Lines before the one containing "Тихие, нескользящие, износостойкие, амортизирующие" are not wanted; restate the rest below word for word, through the last line, but drop any pictures.

__EXERCISE DATA__:
•••••

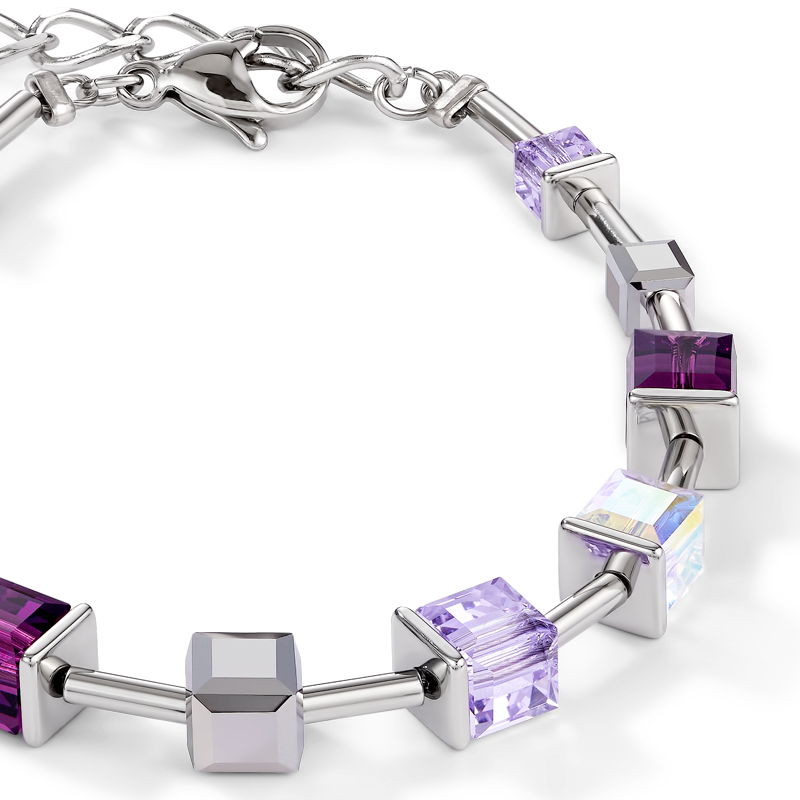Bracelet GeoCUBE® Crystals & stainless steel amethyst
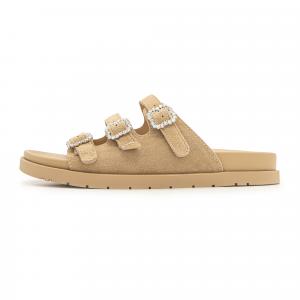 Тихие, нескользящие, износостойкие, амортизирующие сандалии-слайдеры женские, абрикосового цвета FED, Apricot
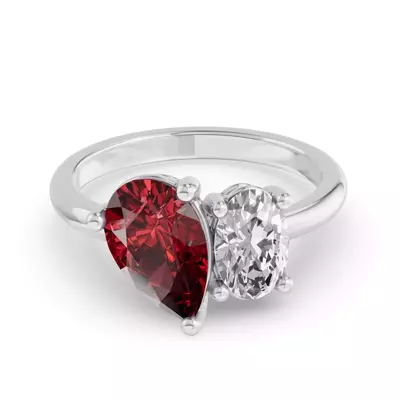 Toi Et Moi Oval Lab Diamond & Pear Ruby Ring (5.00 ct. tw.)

•••••

__SOLUTION BELOW__:
 Тихие, нескользящие, износостойкие, амортизирующие сандалии-слайдеры женские, абрикосового цвета FED, Apricot
 Toi Et Moi Oval Lab Diamond & Pear Ruby Ring (5.00 ct. tw.)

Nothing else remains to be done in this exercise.